If you submit a food product under fermented or refrigerated categories, be aware that both are exempt from acidified and low acid foods FDA regulations in canning in 21 CFR 133 and 21 CFR 114. That means you do not need to file any process letters with them. So, it is not a requirement to have the food tested. Instead, the risk analysis letter can be used for state or local regulators and retailers who wish to sell your food products.
For fermented meats, vegetables, and other foods, we will run a risk analysis. Most fermented meats (charcuterie, etc) have guidance provided by the USDA. The FDA provides little guidance on fermented foods. Therefore, we can only look at the risks and controls of your product. Your risk analysis letter will outline risks and controls and significant risks and critical controls (CCPs). Be aware that some traditional fermented foods are not without some risk. Because of the greater time involved this analysis is $100.

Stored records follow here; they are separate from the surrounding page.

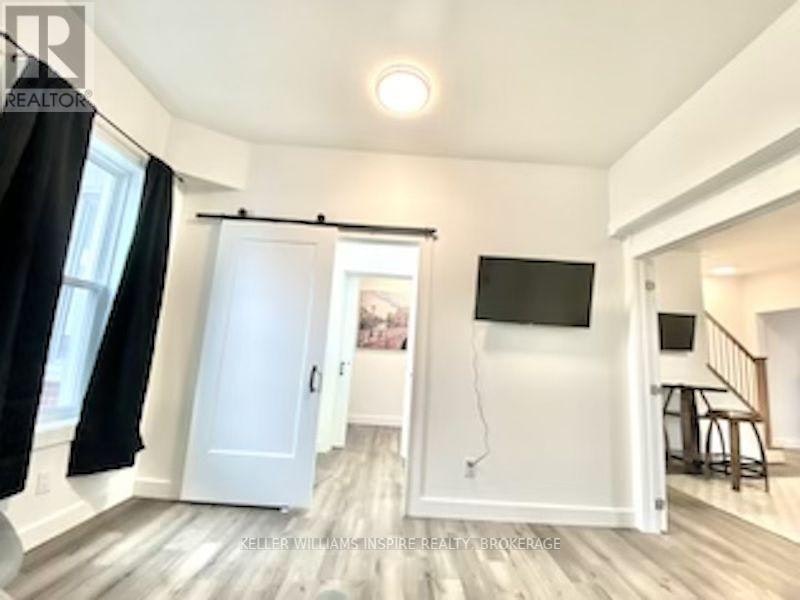 31 Everett Street, Belleville, ON, K8P 3K1 - 20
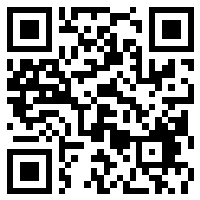 QR Code for 15o7ZjM11yzv9kbECDfNzU4L1GuiJo6eYp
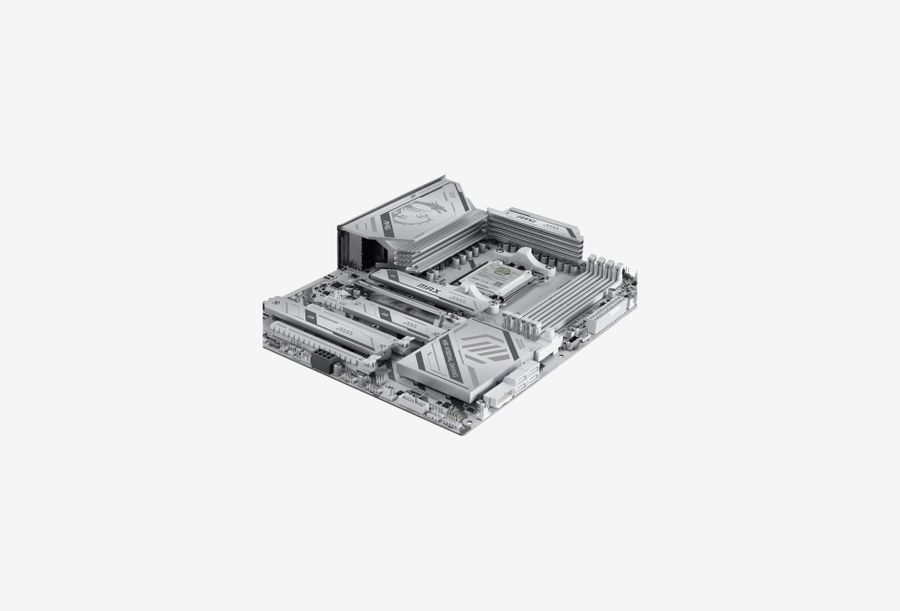 MAG X870E GAMING PLUS MAX WIFI_0326708011210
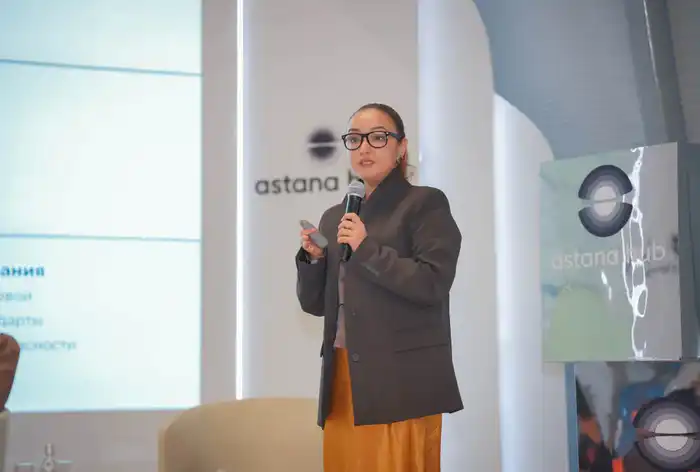 Пресс-встреча вице-министров: итоги 2025 года и акцент на доступности образования и развитии науки Атырау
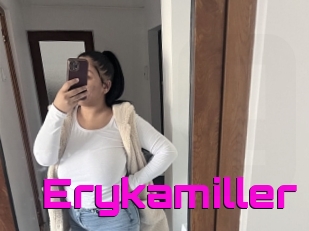 Erykamiller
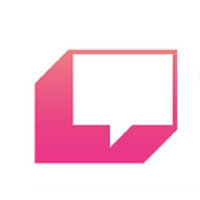 Talkinto logo - Similar company to Hammer Corp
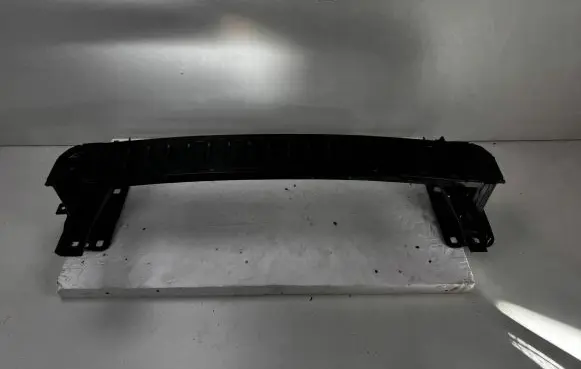Ford Fiesta Front bumper support beam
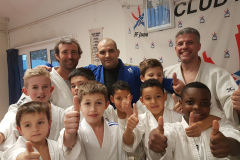 1_Avec_les_enfants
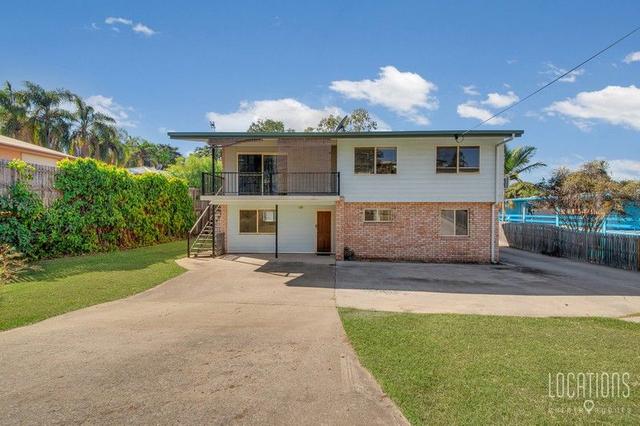 A/72 Ann Street, QLD 4680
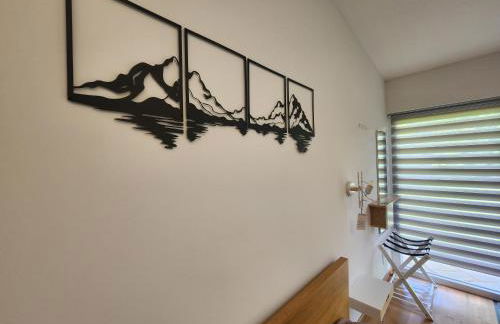 Bellavitalia - a cozy nest in the foothills of the Alps - Foto 30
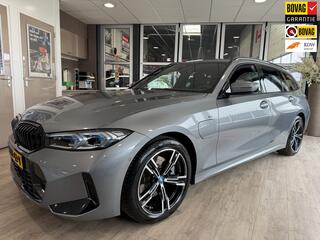 BMW 3-Serie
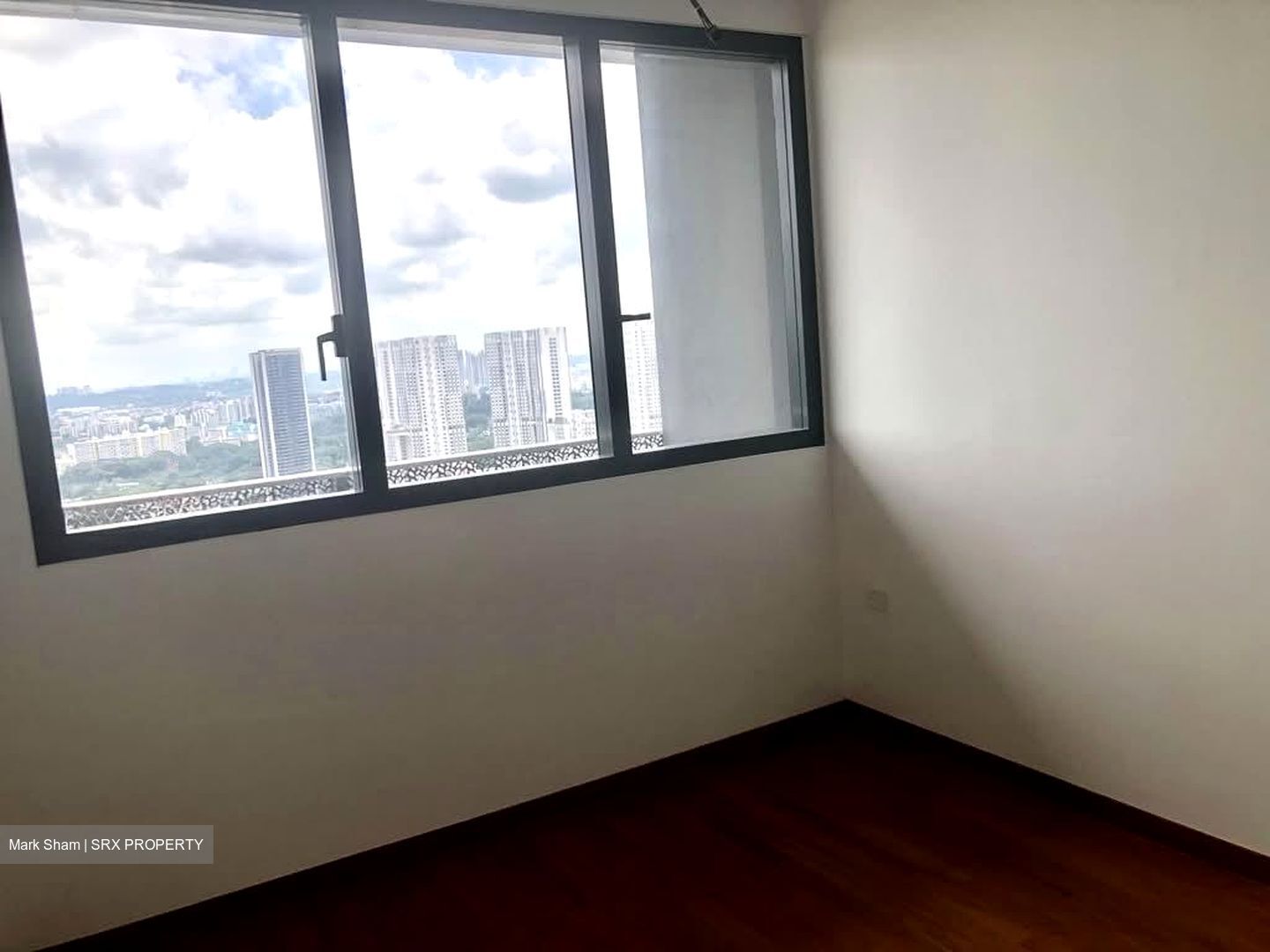 Stirling Residences (D3), Apartment #566842081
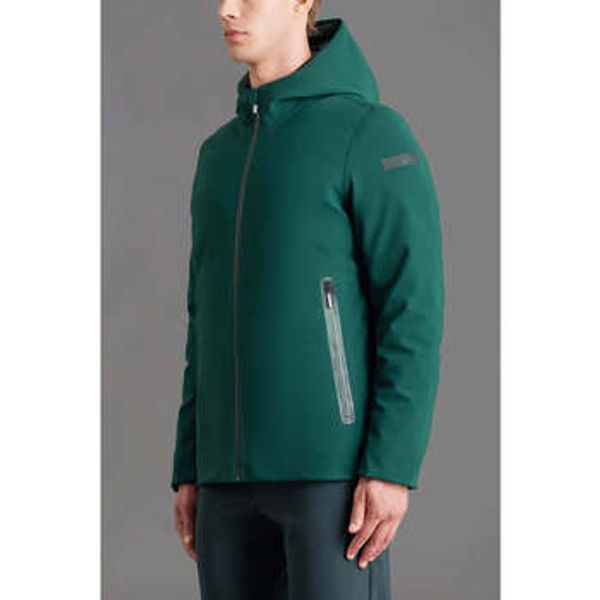 Rrd - Roberto Ricci Designs Rrd - Roberto Ricci Designs  Kratke jakne -  Rrd - Roberto Ricci Designs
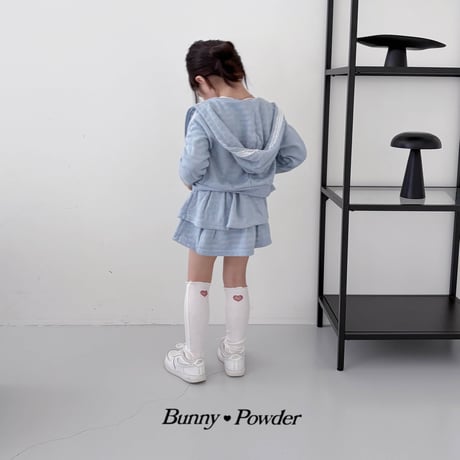 bunnypowder/110. kuukir skirt 2XL-3XL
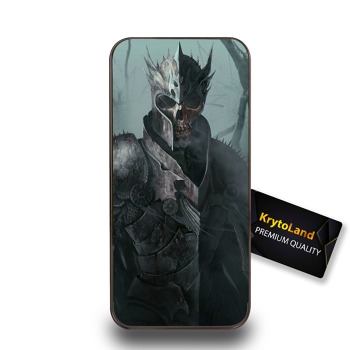 Premium kryt pro Samsung Galaxy S24 Plus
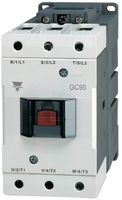 Carlo Gavazzi GC85LA120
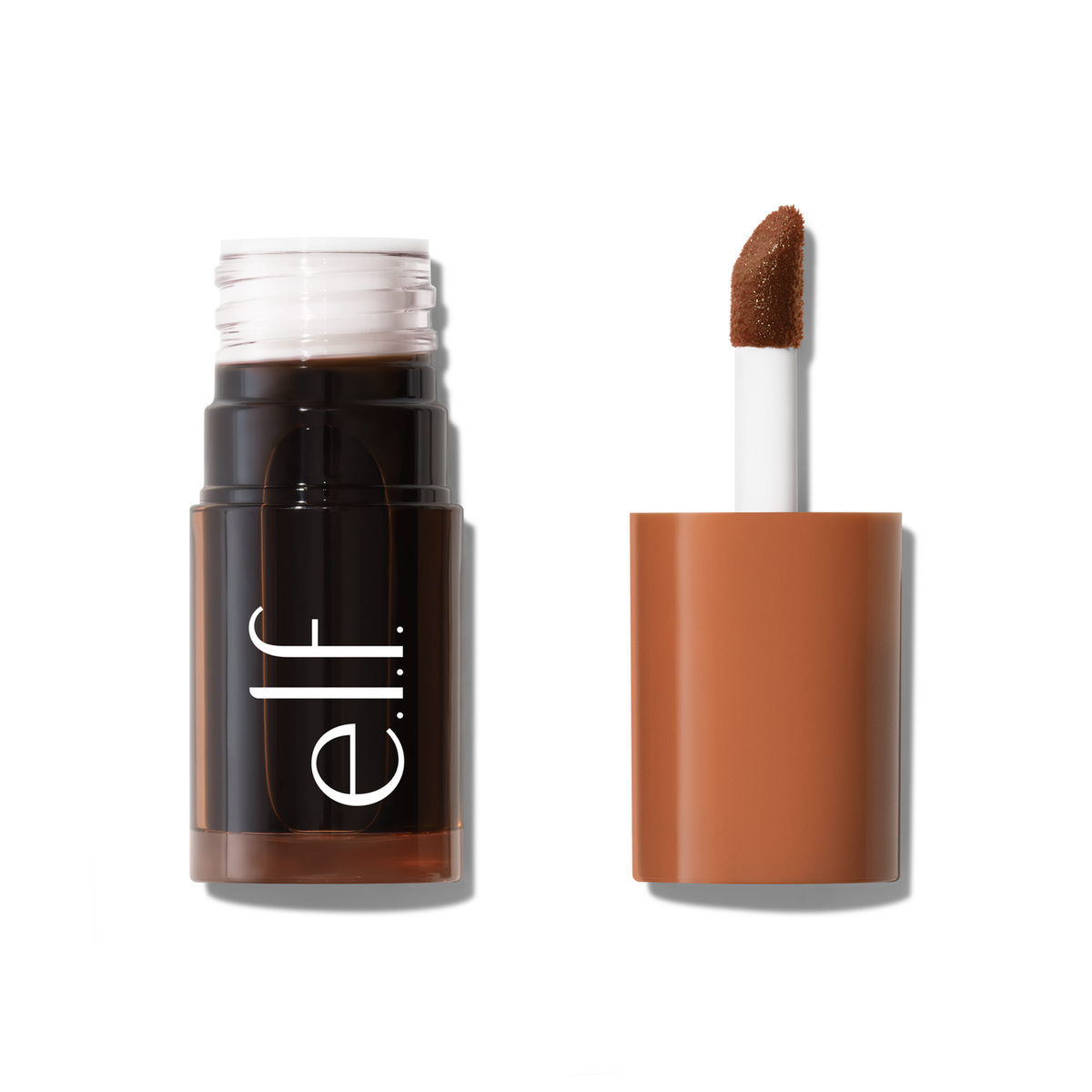 elf Cosmetics | Bronze tint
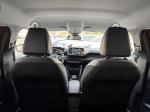 peugeot-e-2008-2022-eletrico-200cc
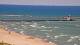 Michigan City, Indiana Mi. 13.5.
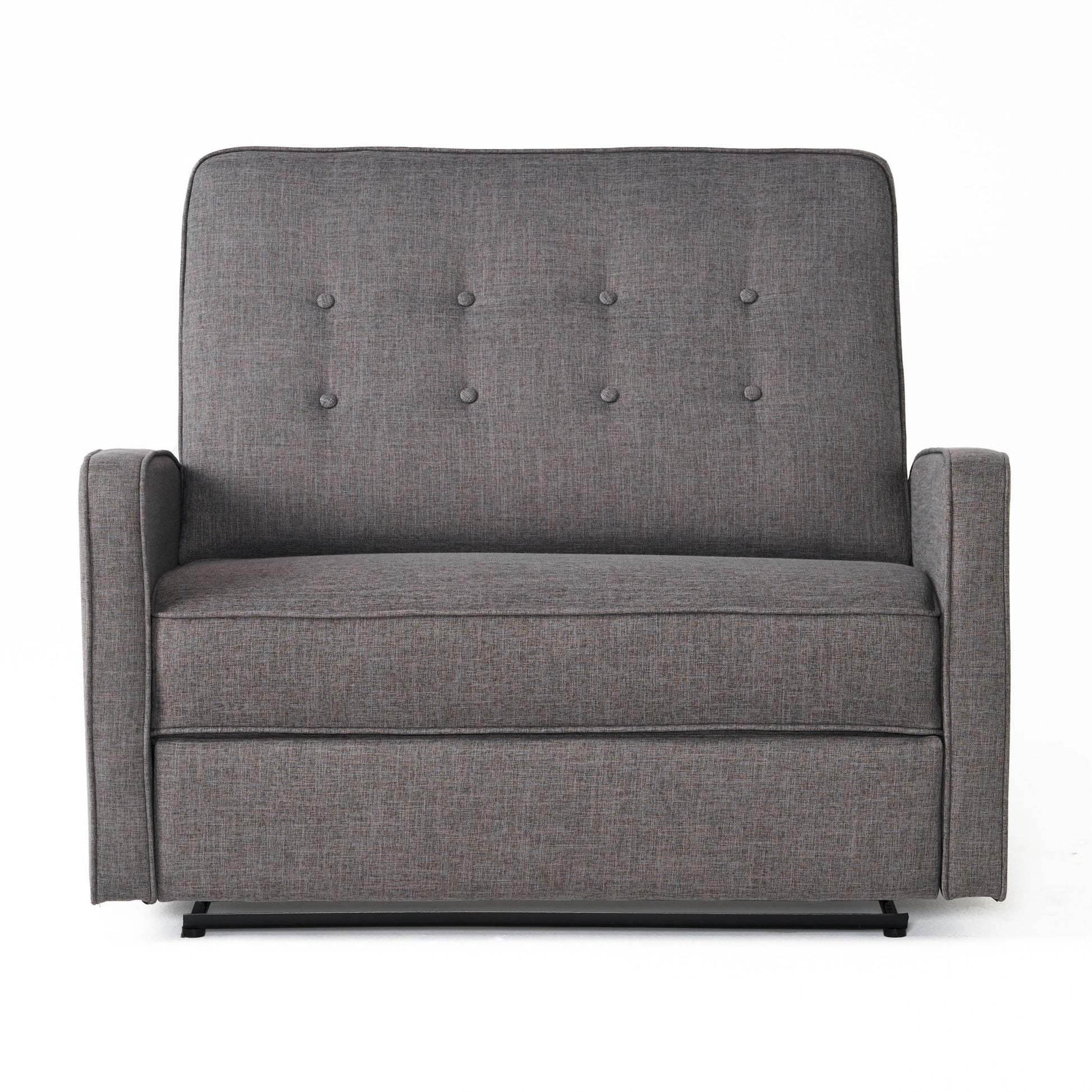 Manual Standard Wide Recliner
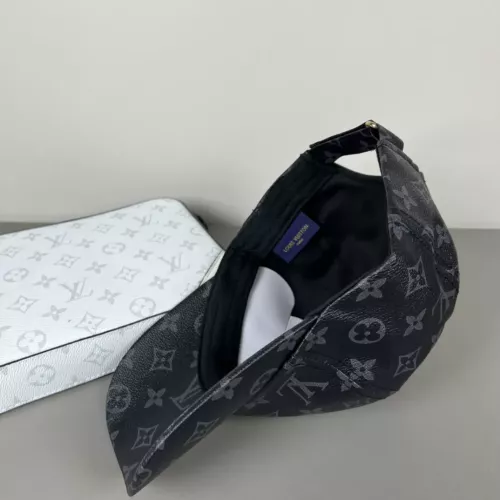 Replica Louis Vuitton LV Caps #1300327 $25.00 USD for Wholesale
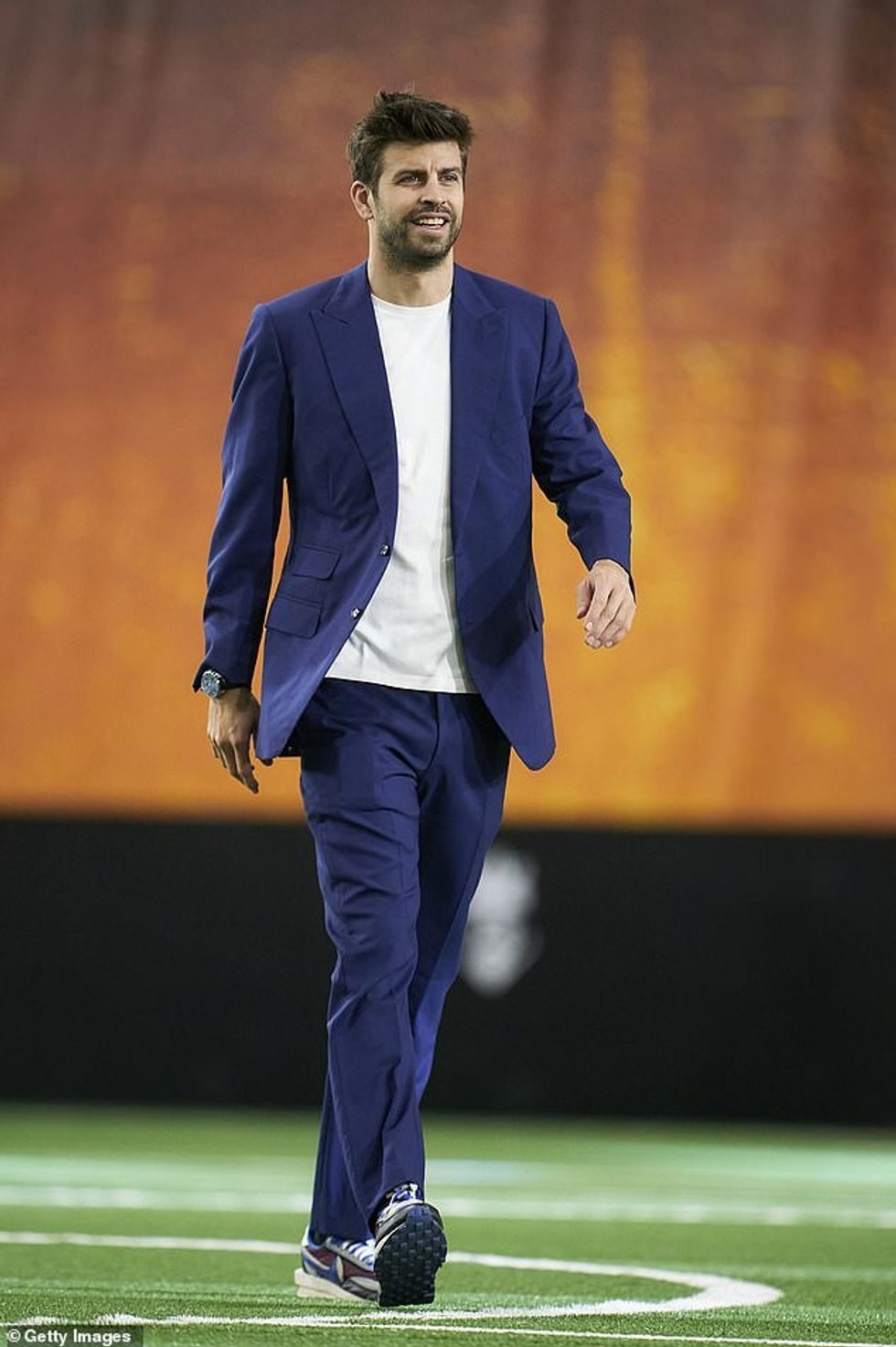 69364581 11927549 Ex It comes follow the split sons Milan ten and Sasha eight fath a 5 1680369137521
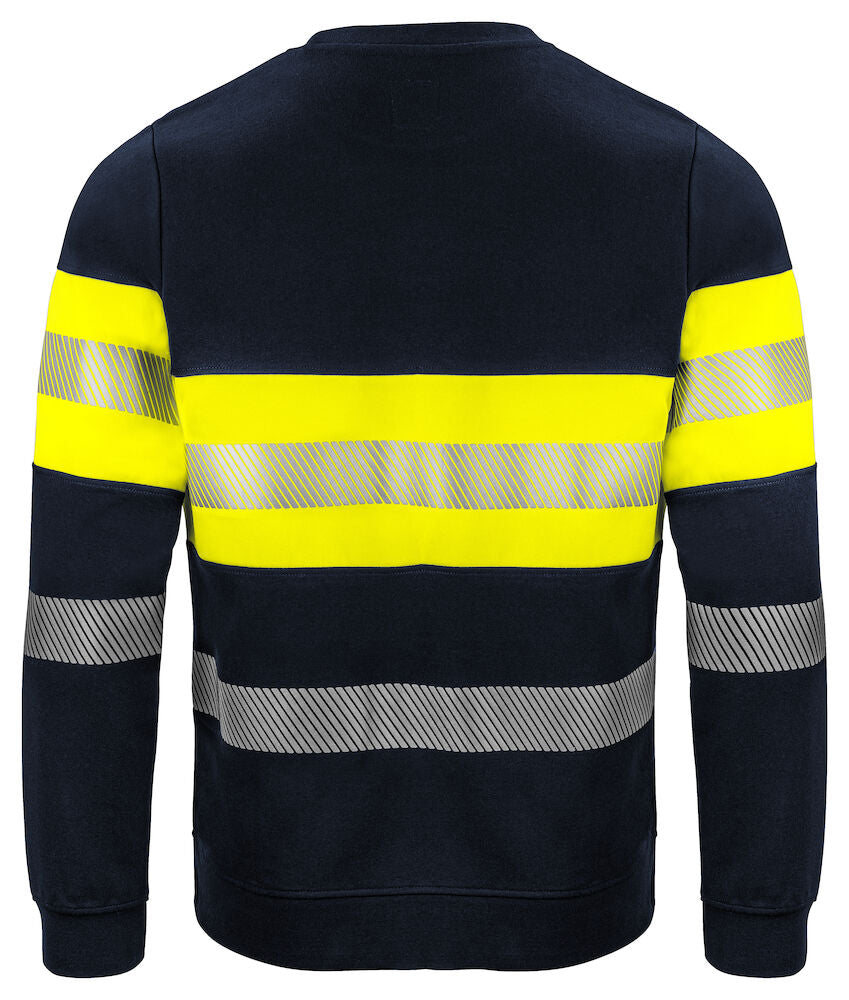 Textiltransfer, DTF-Transfer, magic-prints-textilveredelung-Arbeitskleidung Firmenkleidung Workwear sportbekleidung-t-shirt-hoodies-bedrucken sublimation-dtf-druck-sublimation-kleidungsedign-illustrationen-bedrucken individell gestalten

For refrigerated foods, the main hazard is the growth of the cold-loving foodborne illness bacteria, Listeria monocytogenes (LM). Generally, foods will have a 7-day shelf life refrigerated unless there is food safety data demonstrating that LM cannot grow. We will look at pH and water activity. If pH ≤ 5 and storage is ≤ 41F, LM cannot grow. There are also some pH/Aw interactions that prevent LM growth as well. With this assessment, we cannot guarantee your refrigerated food product will have a shelf life > 7 days.